“Articulation is the one thing I can’t compromise,” says Sunwook Kim, with the calm of someone stating a first principle rather than a preference. “If we agree the articulation, tempo can be different. But if we don’t agree how the phrase breathes – what is truly short, what really belongs under a slur – no tempo will fix it.” When we meet in Seoul, he keeps returning to the topic of breath. “The most natural instrument is the voice. Music has to breathe like a singer: you take air, you release it. Once an orchestra and a soloist share that sense of breath, everything becomes freer and more consistent.”

Sunwook Kim © Marco Borggreve
Sunwook Kim
© Marco Borggreve

That method will be tested in Paris this February, when Kim plays Beethoven’s Piano Concerto no. 1 in C major with Insula orchestra and Laurence Equilbey at La Seine Musicale. He relishes the opportunity to align his Beethoven with Insula’s period‑instrument palette – without turning “authenticity” into dogma. “When the sound‑world is distinctive I’m happy to absorb a conductor’s priorities and then adjust. The essence is the same; the colour changes with the people, the hall, the night.”

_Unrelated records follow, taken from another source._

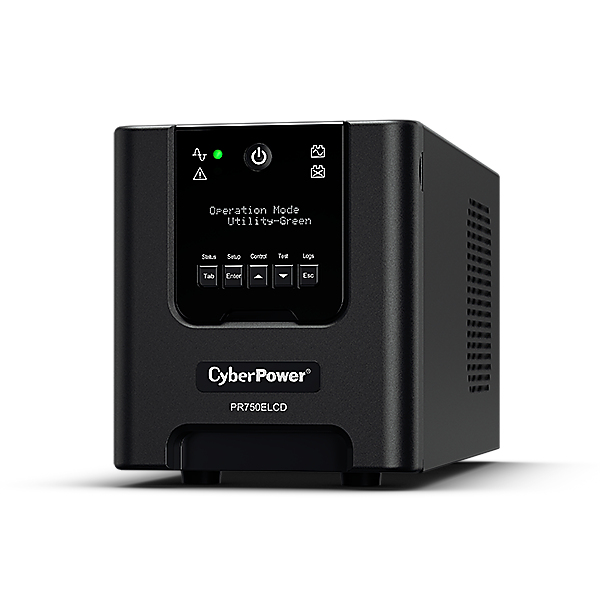 CyberPower PR750ELCDGR Line-Interactive USV 750VA/675W Tower, Reine Sinuswelle, AVR, LCD, Ausgang (4) 2x Schuko 2x IEC, RS232, USB (HID), EPO, Expansion Port für opt. Netzwerkkomunikation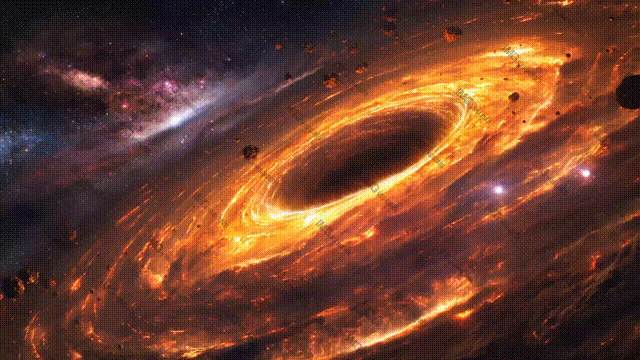 Fiery black hole surrounded by glowing orange swirls and asteroids video animation, ai generated
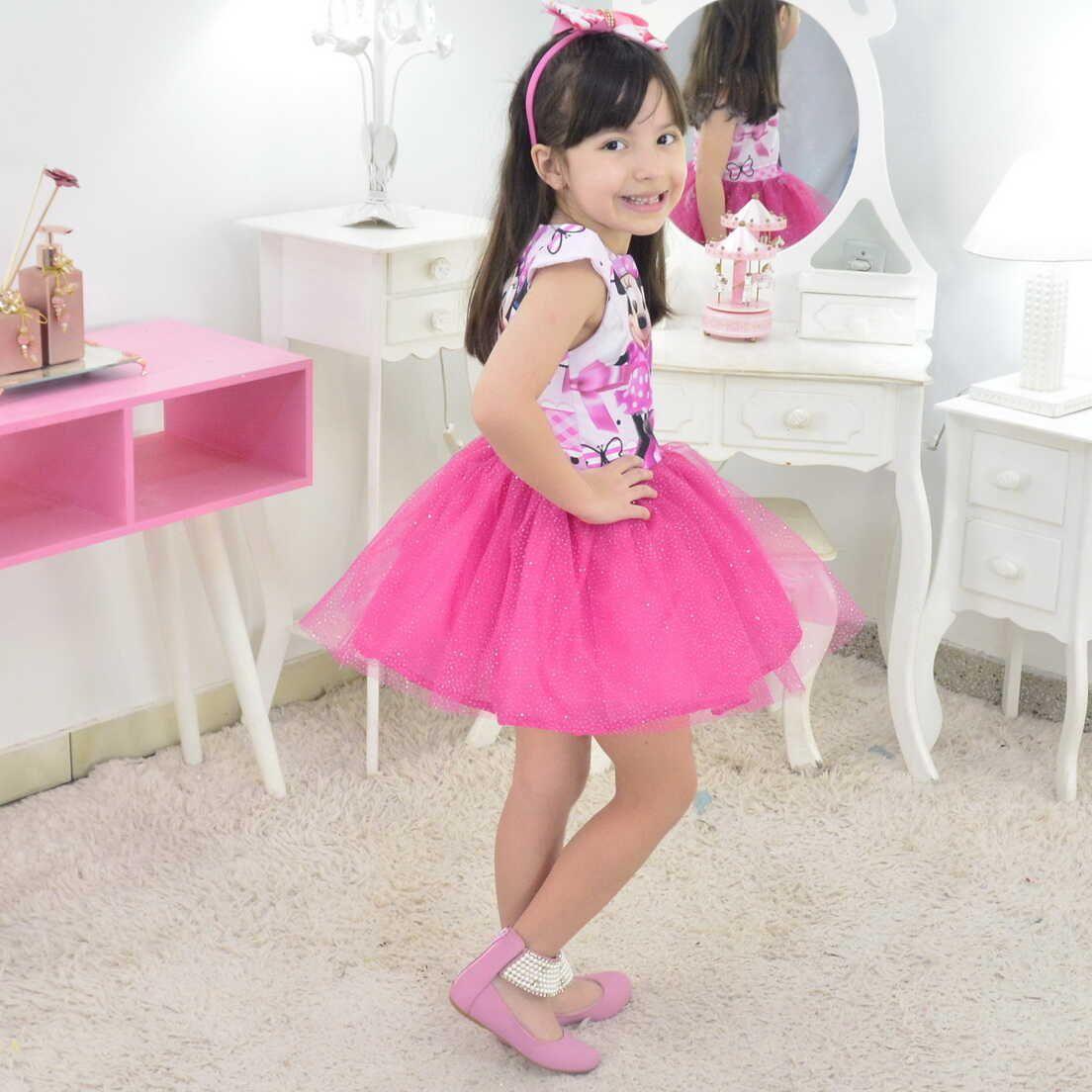 Vestido da Minnie Rosa Saia de Tule(Tutu) Com Glitter Moderna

Kim rejects the old hierarchy that shelves Beethoven’s First Piano Concerto behind its later siblings. “I don’t think No. 1 has any less power or artistry than Nos  3, 4 or 5,” he says. “When I was younger I heard it as a mechanical C‑major showpiece full of scales. Now I hear what the mechanics are doing – the wit, the subito turns, the long‑breathed lines – and I can feel them, not just know them.”

It’s a shift that tracks a broader change in how he spends his musical life. “In my 20s I played almost everything. In my 30s – partly because I’ve started conducting – I play the composers I feel genuinely close to. Ten or twenty years from now I’ll approach the piece differently again. Now is not a final statement.”

Ask Kim how the First should be understood and he begins with harmony rather than motif or rhetoric. “To understand Beethoven, you start with harmony. Rhythm, narrative, humour – they all sit on the harmonic substance. Without that, the drama has no weight.” Development is where harmonic pressure is engineered; recapitulation is not formality but release. Seen in that way, the concerto’s brightness and quick tempi can mislead listeners into hearing Mozart where the fundamentals are already Beethovenian. “People hear the speed and the lightness and think ‘Mozart’. But the fundamentals are different. Beethoven is already tightening the listener’s nerves through harmony before the release.”

Sunwook Kim performs Beethoven’s Third Piano Concerto with Insula orchestra.

Insula’s period-instrument sonority – clean attack, quick decay, a taut wind palette – invites a speech‑like clarity. Vagueness is banished. Kim welcomes the discipline, and has a long-standing relationship with the orchestra, performing with them since 2020. Performing with Insula also means playing on an older piano, something Kim does only rarely. “It’s wonderful to meet a great instrument, but not every venue has one. My job is to find the essentials of the piece and re‑colour them for the room.” 

On a fortepiano, or an instrument of Beethoven’s time, sound falls away rapidly in the upper register, and the lower register is bright and sharp, quite different from the muddier low sounds of modern instruments. With sound decaying rapidly, Kim looks for timing and touch that imply length rather than simulating it with pedal.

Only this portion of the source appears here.